[Dataset records — start]

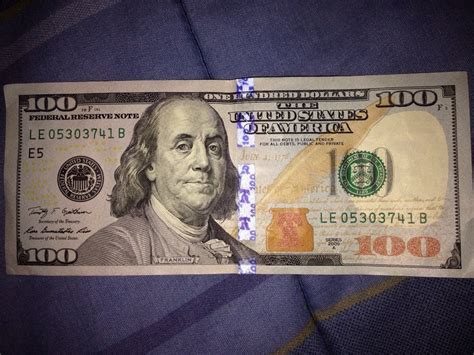 The New Us 100 Bill Has Hidden Liberty Bells In The Blue Holographic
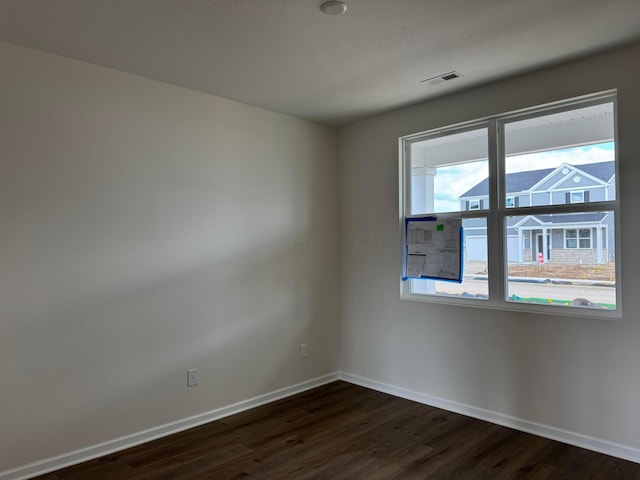 empty room with dark wood-style floors and baseboards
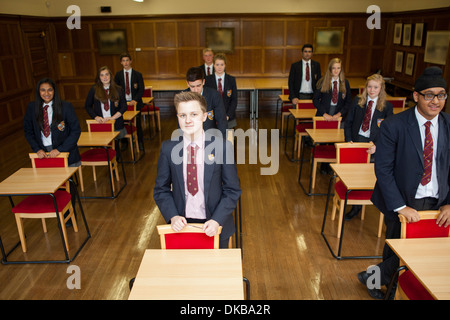 Teenage schoolchildren standing in exam class Stock Photo
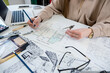 © RomanR - Professional female interior designer working with house sketch plan in office, workplace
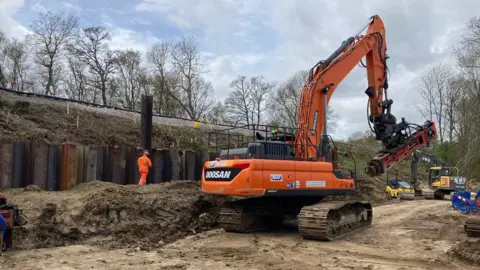 BBC/Piers Hopkirk A crane installing steel piles to stabilise the Bough Beech embankment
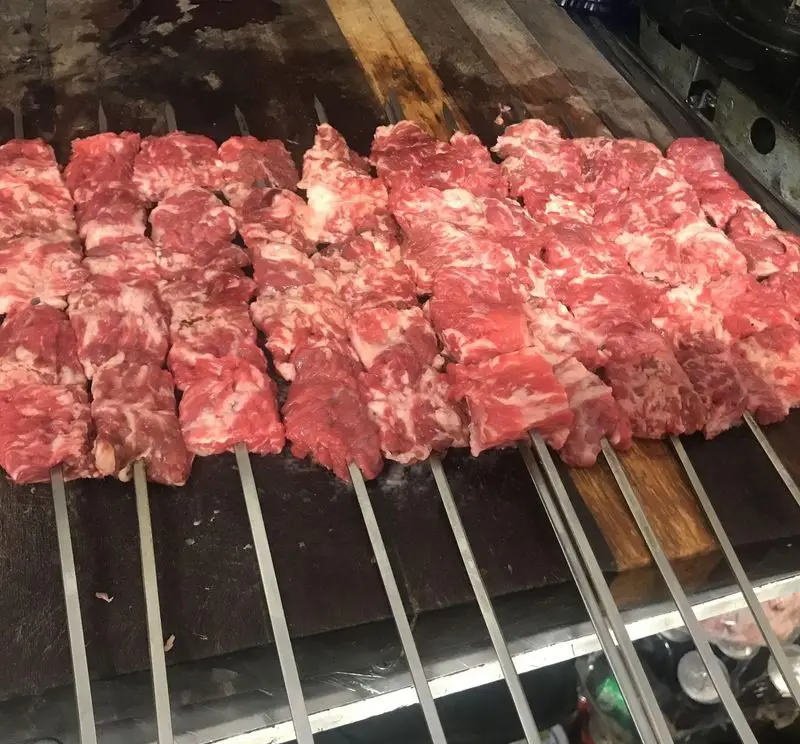 سیخ‌های پر از گوشت قرمز تازه و مرغوب، آماده برای کباب شدن و لذت بردن از طعم بی‌نظیر در جگرسرای نیلوفر. تجربه‌ای ماندگار.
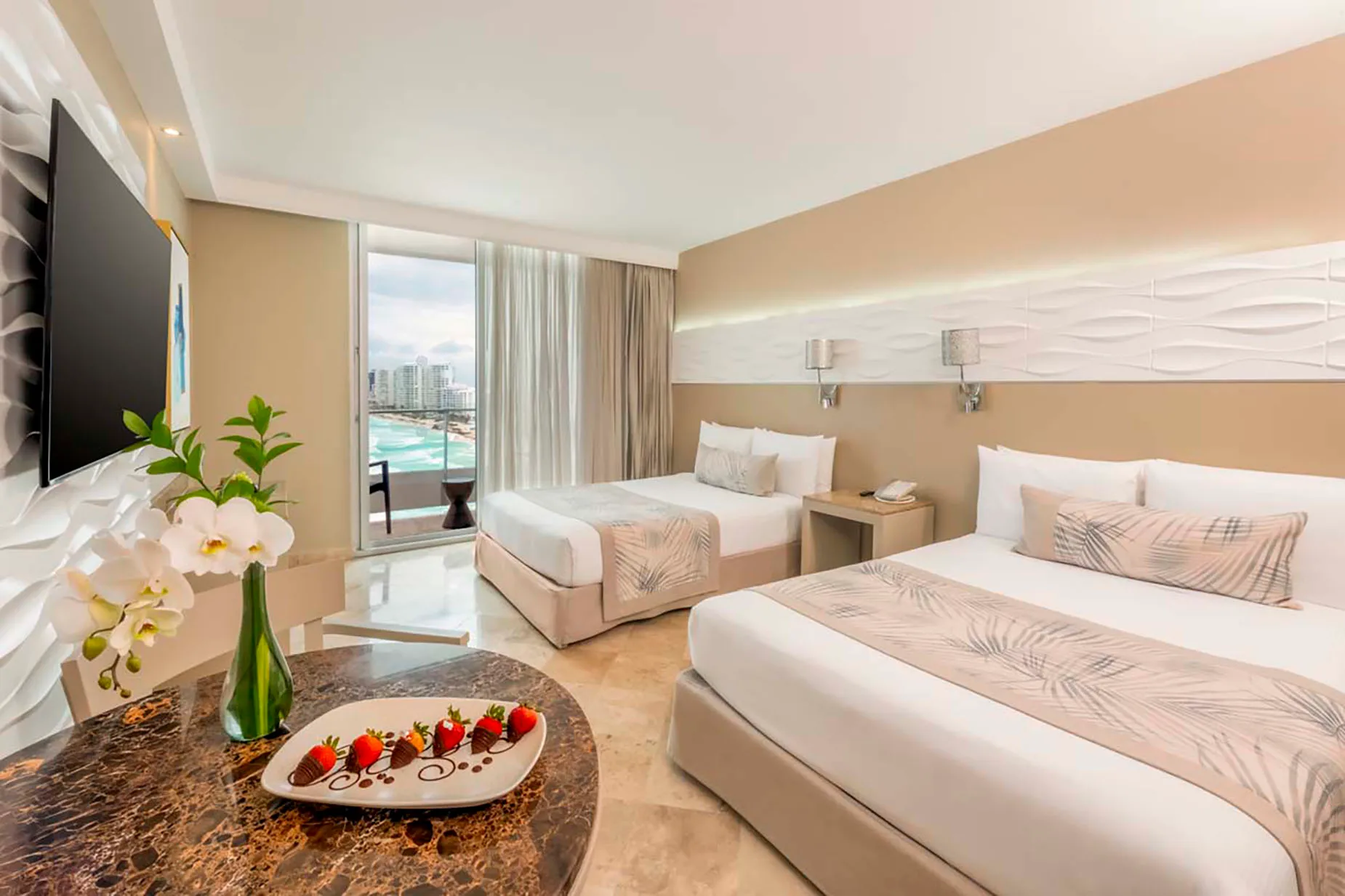 Hotel room with ocean view balcony, two beds, and welcome chocolate-dipped strawberries DEMO 3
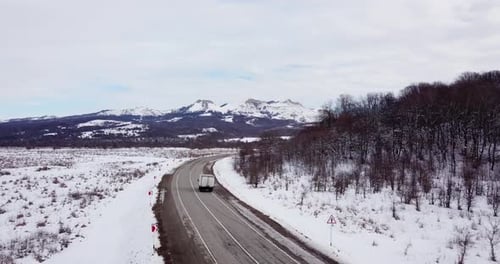 Deep Winter Rural Country Landscape Flying Over Along Deserted Road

[Dataset records — finish]

Would you output only the span of the records above that opens with the line containing "Teenage schoolchildren standing" and closes with the line containing "BBC/Piers Hopkirk A", ends included and pictures dropped?

 Teenage schoolchildren standing in exam class Stock Photo
 © RomanR - Professional female interior designer working with house sketch plan in office, workplace
 BBC/Piers Hopkirk A crane installing steel piles to stabilise the Bough Beech embankment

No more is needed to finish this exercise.